Your mid game will revolve around keeping a solid board-to-hand ratio while you continue to ramp and search through your deck for the cards you want. By this point you should have enough mana to keep yourself in fighting shape at least, with cards like Duplicant and Spine of Ish Sah earning their keep here, as your board gradually gets bigger. It's a bit of a balancing act, keep in mind. You can't get too wild, or else you'll risk the board getting Wrath'd, or worse, Cyclonic Rift ed.
Your end game ends up being characterized by fabulous, glorious murder though. By this point even if you're lacking a few pieces, you've ideally managed to generate enough value, and sent enough things to your grave that Sharuum herself can jump-start any parts of your engines that need running, and you can grind everyone into the floor thanks to your squadrons of Darksteel Colossi and Sphinxes of the Steel Wind.
With all this being said, though, this deck does have notable weaknesses, which are somewhat intentionally allowed in the deck.
Its mana intensive, for one. Lacking true ramp spells, you will find yourself spending large hunks of mana for relatively little value early on as you are trying to get your clone engines online. This means that its pretty susceptible to boardwipes and spot removal early on, and missing land drops, or worse, having lands be destroyed is pretty back breaking and is liable to keep you dragging your feet unless you manage to luck out and get something good going.
Its lack of counterspells also makes it fairly fragile, but generally this isn't too major an issue by virtue of your actually-vital pieces being relatively innocuous.

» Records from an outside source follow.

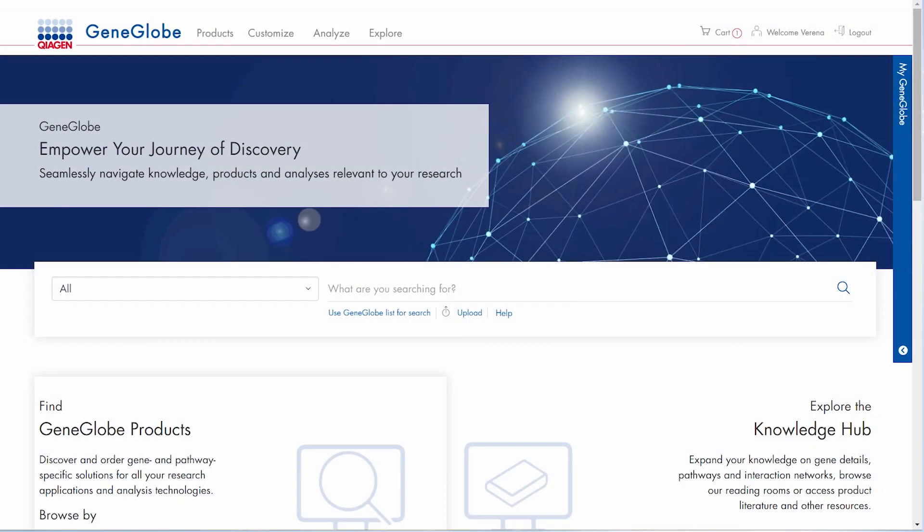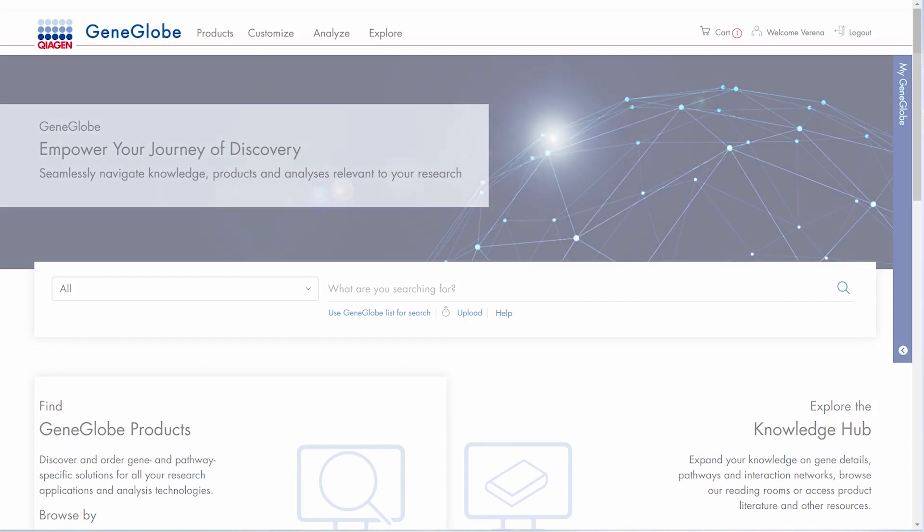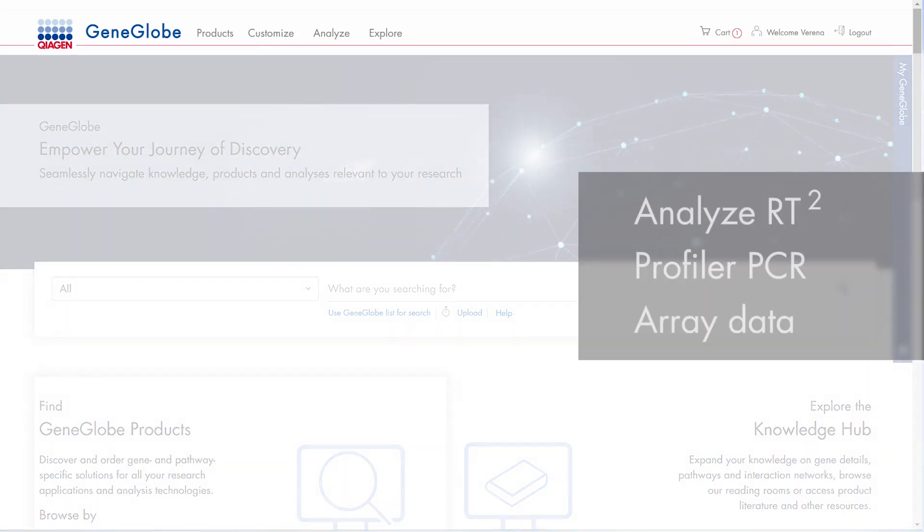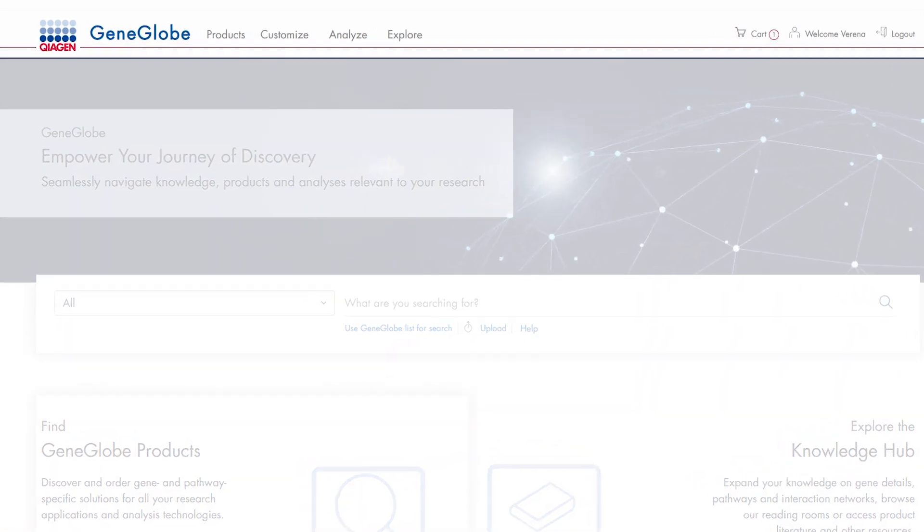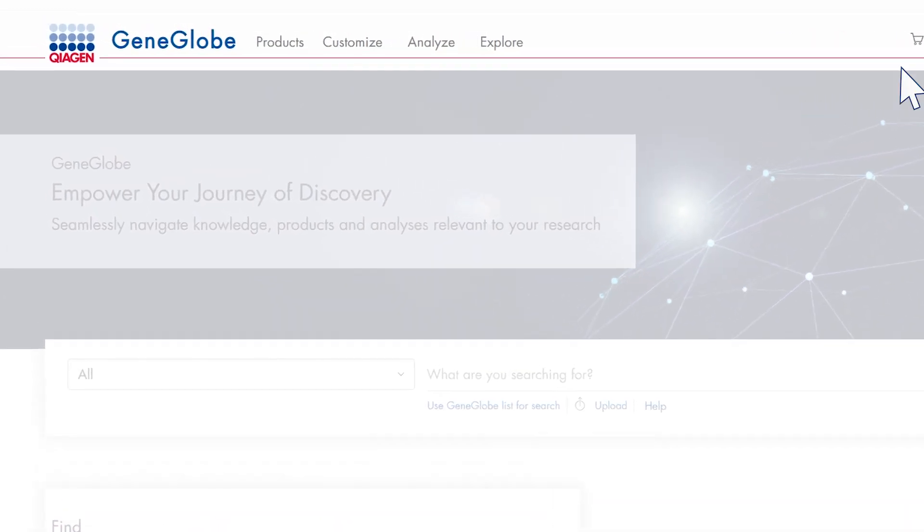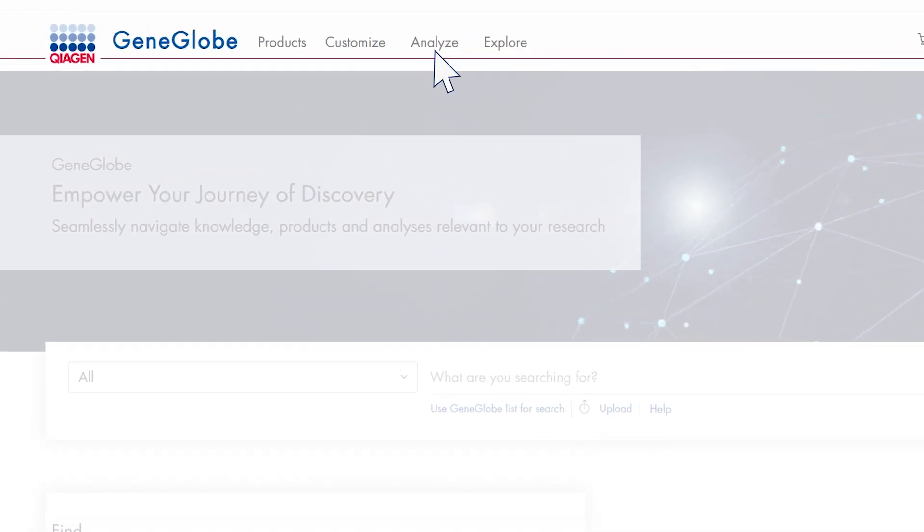In this demo we will show you how to analyze data from an RT-squared profiler PCR array using the GeneGlobe Data Analysis Center.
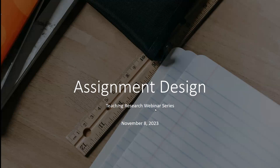Good afternoon, everyone, and welcome to this week's webinar in our fall webinar series on teaching research. This week my colleague Tricia Clark will be presenting a webinar about assignment design. This webinar will be recorded and posted on YouTube probably sometime later this week or early next. We will have time for questions, both recorded and unrecorded, but please also feel free to put questions in the chat.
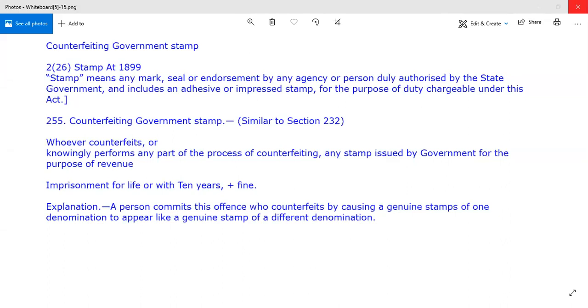We will cover this topic in the next videos, from Section 255 to 263. In this video, we will discuss Section 255 of the IPC, that is counterfeiting government stamps.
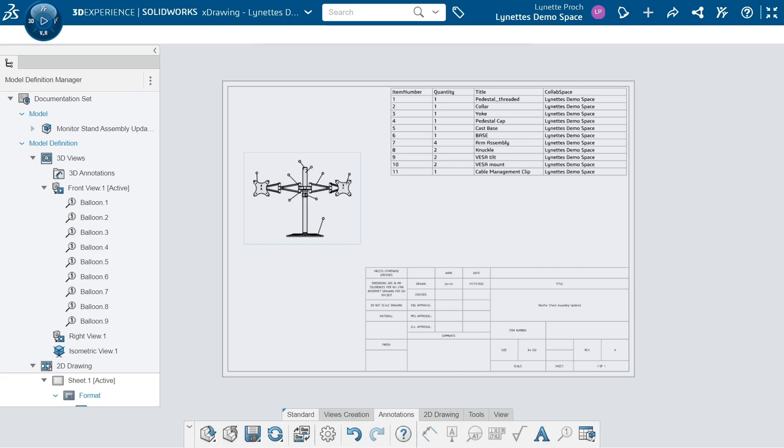So that's how we can create bills of material in the X-Drawing app on a 2D drawing sheet. If you have any other questions, you can always feel free to contact us at Trimec, and we're more than happy to talk to you about your 3DEXPERIENCE endeavors. Hope you enjoyed the video. Have a great day.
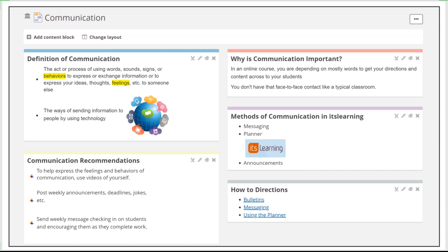I highly recommend that you use as much video as possible within an online course. This may not be easy at all times, but because of that online recorder within itslearning, you can do it. I highly recommend that you post announcements, do jokes, do anything that will help you connect to your students. Weekly messages to your students is also a great way to just keep in touch with them and help them know that you're there.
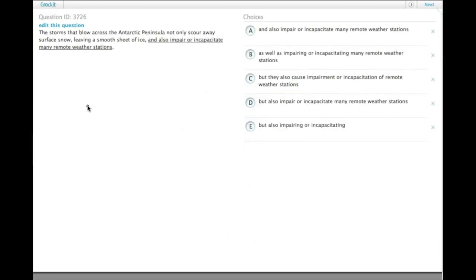The storms that blow across the Antarctic Peninsula not only scour away surface snow, leaving a smooth sheet of ice, and also impair or incapacitate many remote weather stations.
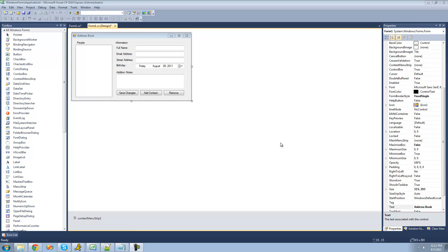Welcome to the 175th C# tutorial for the New Boston. In this tutorial, we're going to continue working on our address book project. Basically, we're going to be reading all of the people that we've stored in our XML file.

That being said, always having Sharuum available means that even if someone so rudely decides to counter something important, you can always just dredge it out of the pits. Be careful not to abuse this privilege though, a 12-mana Sharuum isn't a good thing to have when you're on the cusp of actually getting everything online.

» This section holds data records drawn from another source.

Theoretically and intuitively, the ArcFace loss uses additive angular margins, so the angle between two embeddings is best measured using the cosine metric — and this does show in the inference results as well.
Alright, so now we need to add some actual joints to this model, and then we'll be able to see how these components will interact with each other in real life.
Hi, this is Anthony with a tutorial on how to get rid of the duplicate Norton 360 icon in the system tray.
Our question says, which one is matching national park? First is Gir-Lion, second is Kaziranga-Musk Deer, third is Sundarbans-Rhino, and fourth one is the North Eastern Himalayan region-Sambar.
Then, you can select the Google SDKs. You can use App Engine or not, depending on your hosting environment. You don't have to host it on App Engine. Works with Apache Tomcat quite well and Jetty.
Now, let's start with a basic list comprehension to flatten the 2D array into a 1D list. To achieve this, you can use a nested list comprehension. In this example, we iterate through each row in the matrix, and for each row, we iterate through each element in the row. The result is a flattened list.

And this probably goes without saying, but having your graveyard get nuked is a very bad time. Not game-ending on its own, but it throws a big ugly wrench in a good number of contingencies and leaves you much more fragile than you would be otherwise.

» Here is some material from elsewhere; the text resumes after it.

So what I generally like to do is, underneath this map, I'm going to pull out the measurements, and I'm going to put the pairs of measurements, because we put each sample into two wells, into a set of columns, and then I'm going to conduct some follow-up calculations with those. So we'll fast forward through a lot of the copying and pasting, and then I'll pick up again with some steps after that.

And thats basically the long and short of it. This deck is fun because it's always a bit of a puzzle, a riddle if you will. You'll always be searching for more things to add to your engines, trying to dig for more cards, making more bodies, and generally embodying Esper every time you play it. You'll never stop improving yourself as you play it, and win or lose, you're bound to have a good time.
I hope you enjoyed this list! All suggestions are eagerly solicited.